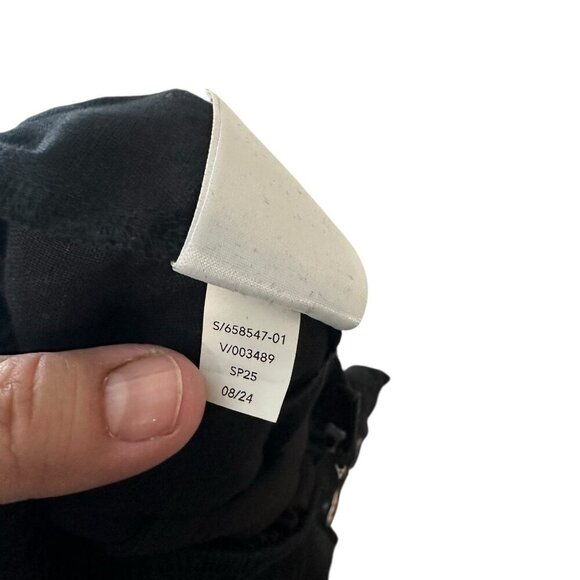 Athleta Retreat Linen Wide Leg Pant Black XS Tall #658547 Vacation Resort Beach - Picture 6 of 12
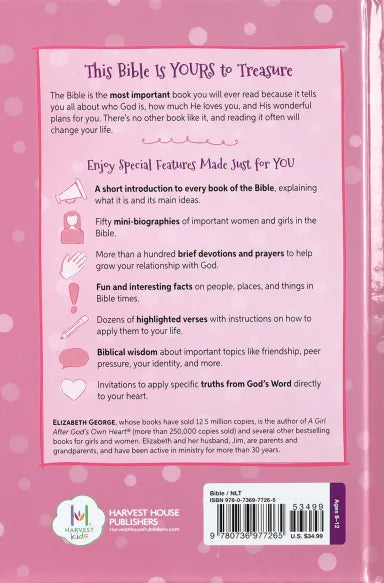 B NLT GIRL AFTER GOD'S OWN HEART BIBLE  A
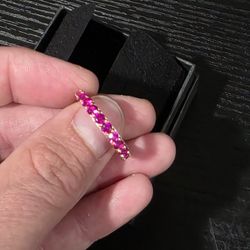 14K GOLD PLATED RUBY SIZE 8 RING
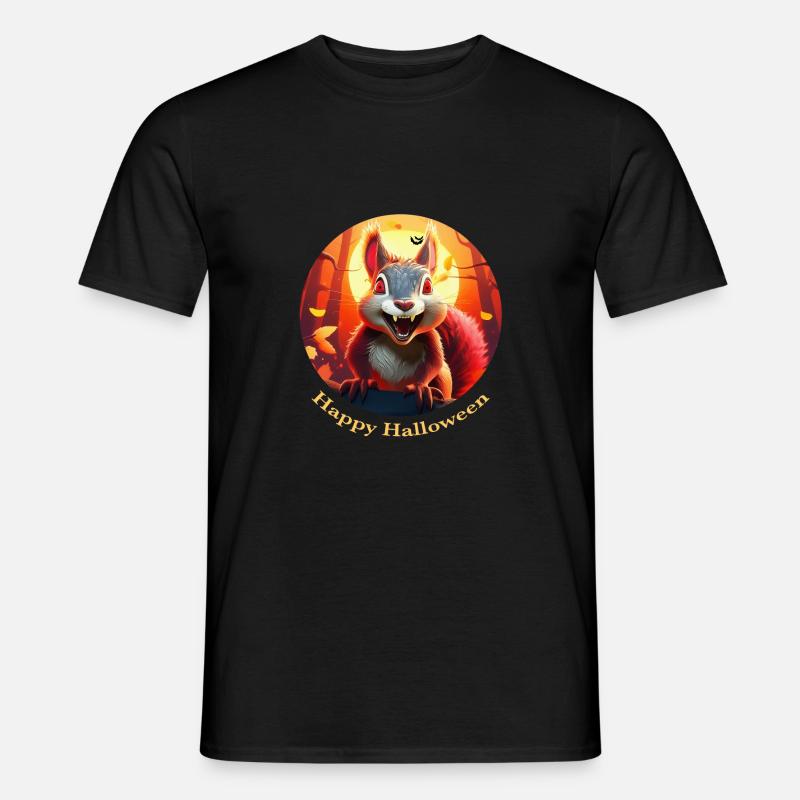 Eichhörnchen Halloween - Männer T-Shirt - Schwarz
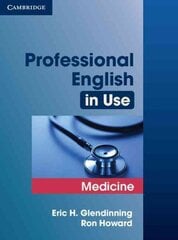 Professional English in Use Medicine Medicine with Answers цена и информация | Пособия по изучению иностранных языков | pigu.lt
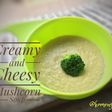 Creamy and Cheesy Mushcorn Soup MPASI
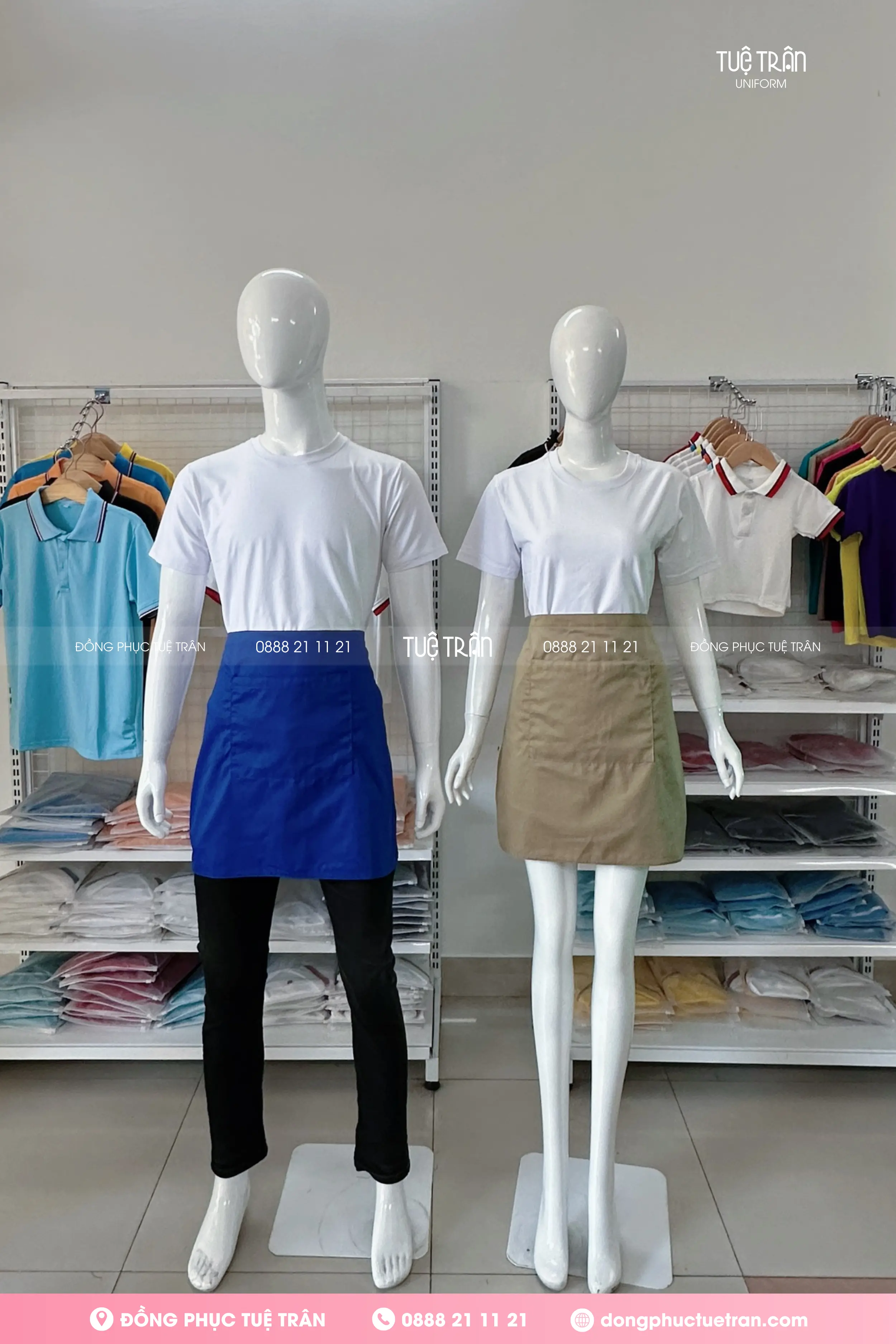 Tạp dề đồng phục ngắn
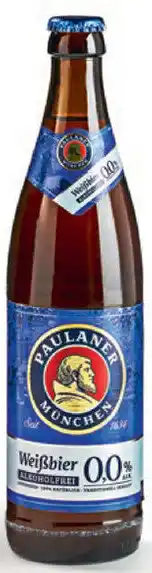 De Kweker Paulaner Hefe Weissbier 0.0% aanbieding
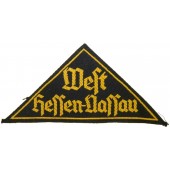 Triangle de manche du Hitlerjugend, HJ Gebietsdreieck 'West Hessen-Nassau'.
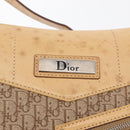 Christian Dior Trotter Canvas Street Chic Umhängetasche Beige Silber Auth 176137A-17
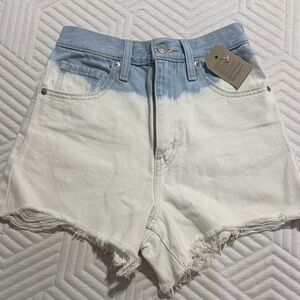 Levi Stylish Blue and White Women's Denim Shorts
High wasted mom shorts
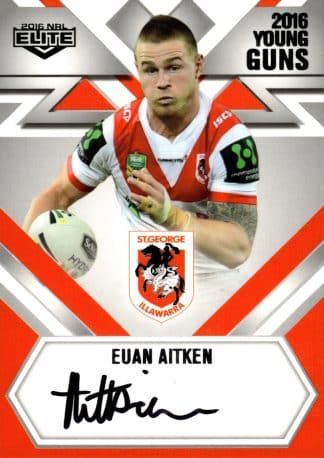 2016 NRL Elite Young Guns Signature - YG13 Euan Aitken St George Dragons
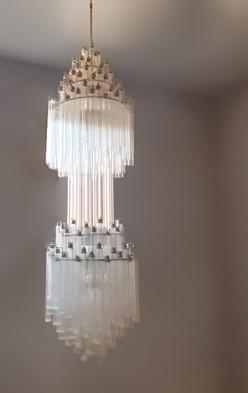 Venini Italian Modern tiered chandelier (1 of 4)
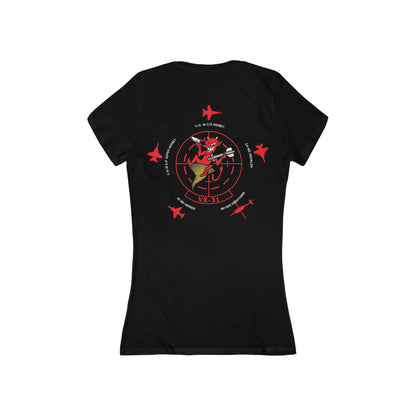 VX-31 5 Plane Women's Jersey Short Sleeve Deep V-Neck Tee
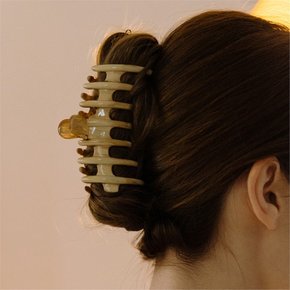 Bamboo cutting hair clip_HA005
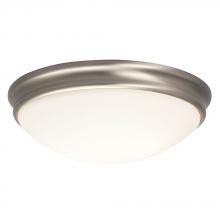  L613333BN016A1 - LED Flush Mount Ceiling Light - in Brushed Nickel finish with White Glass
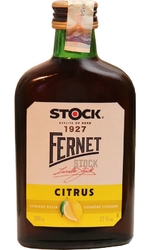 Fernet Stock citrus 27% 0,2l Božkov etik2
-.-.-
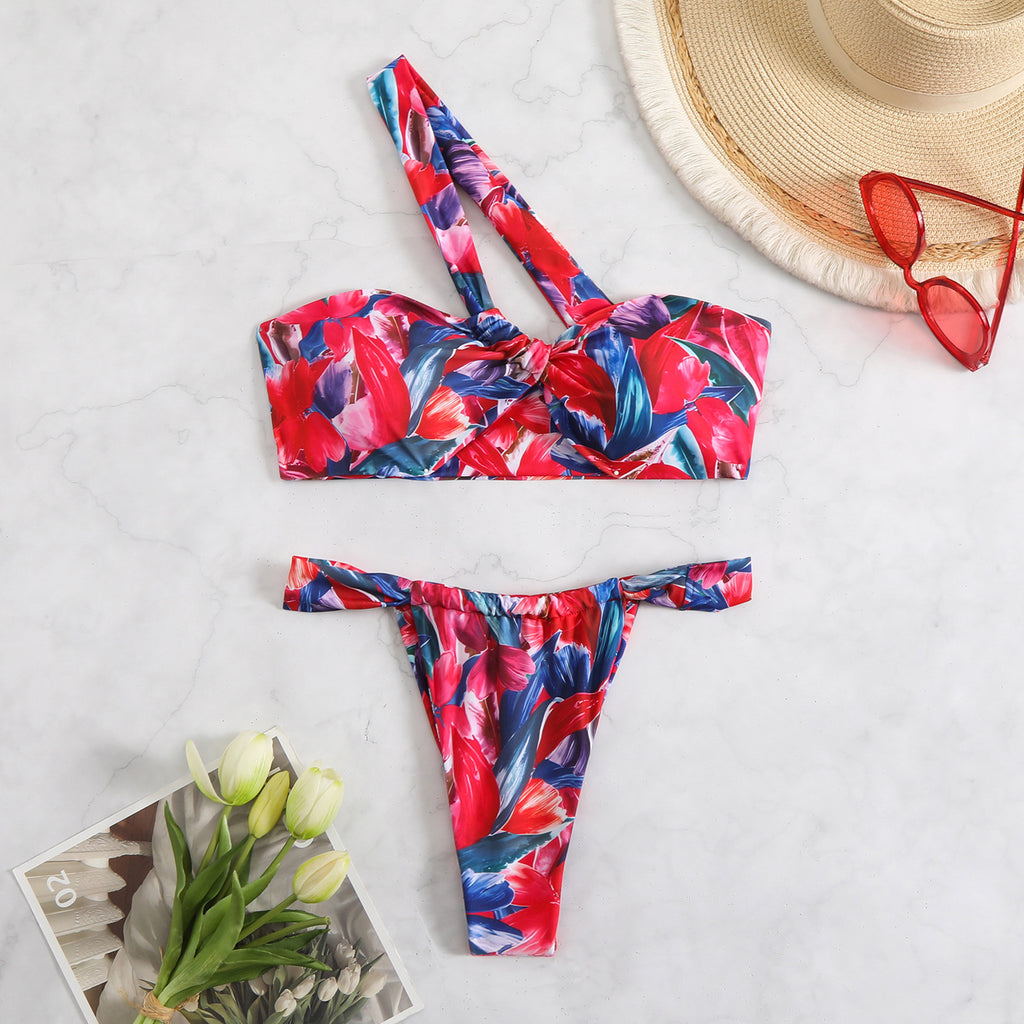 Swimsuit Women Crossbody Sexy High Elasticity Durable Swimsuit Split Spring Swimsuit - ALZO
-.-.-
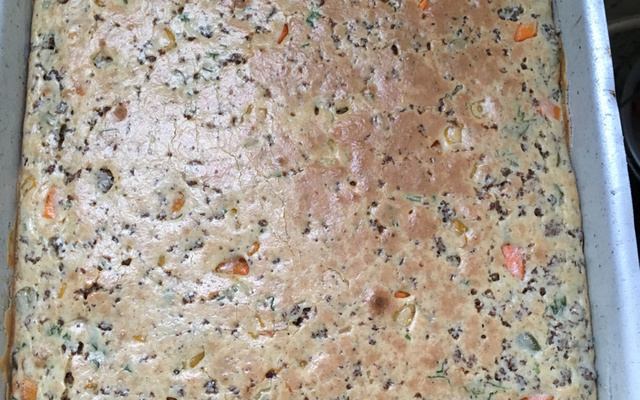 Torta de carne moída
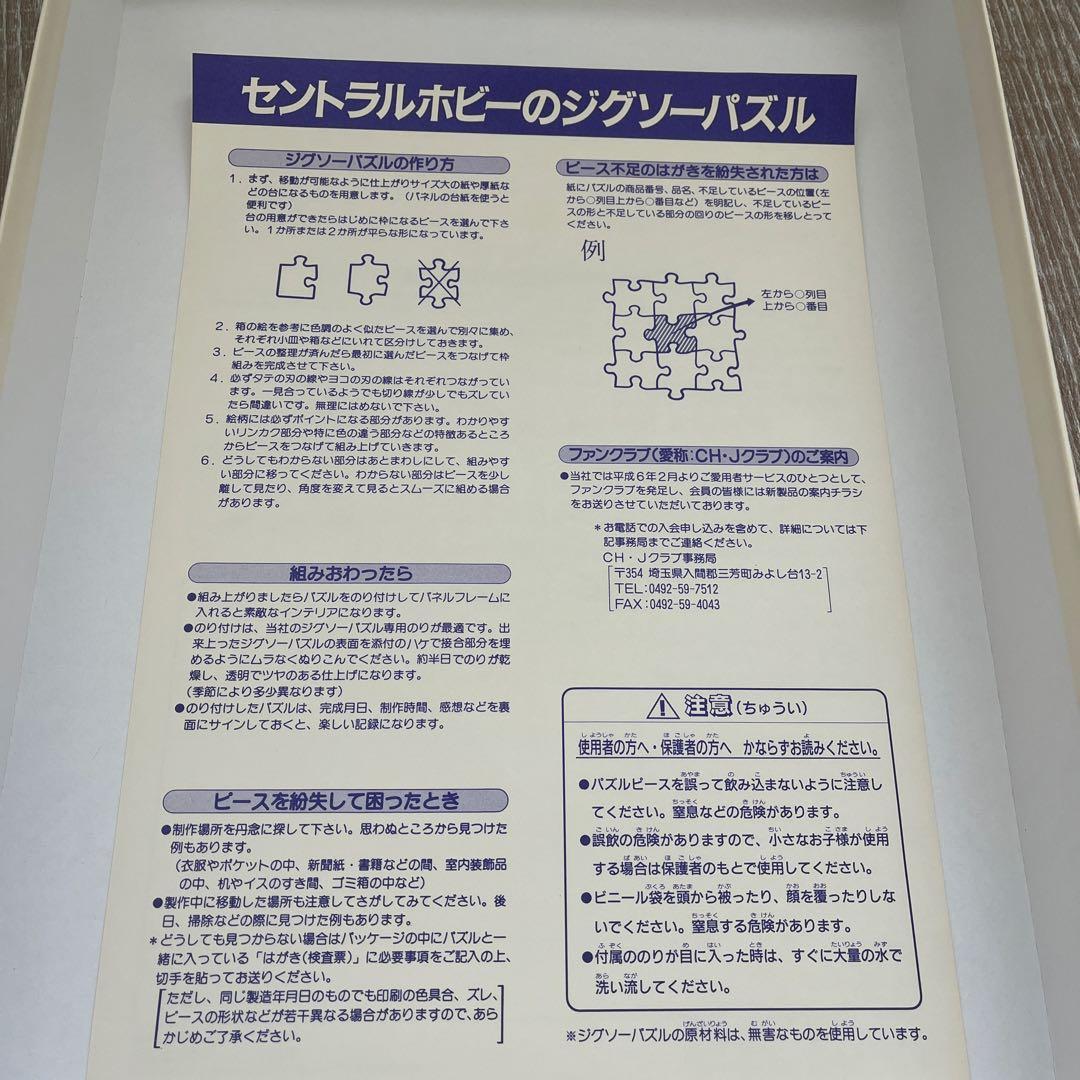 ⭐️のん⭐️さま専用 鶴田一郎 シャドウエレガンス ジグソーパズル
-.-.-
**ASSIGNMENT:** Using the entries above, transcribe exactly from the line that has "Venini Italian Modern" through the line that has "Fernet Stock citrus 27% 0,2l Božkov etik2". Pictures are dropped.

**TASK SOLUTION:**
 Venini Italian Modern tiered chandelier (1 of 4)
 VX-31 5 Plane Women's Jersey Short Sleeve Deep V-Neck Tee
 Bamboo cutting hair clip_HA005
  L613333BN016A1 - LED Flush Mount Ceiling Light - in Brushed Nickel finish with White Glass
 Fernet Stock citrus 27% 0,2l Božkov etik2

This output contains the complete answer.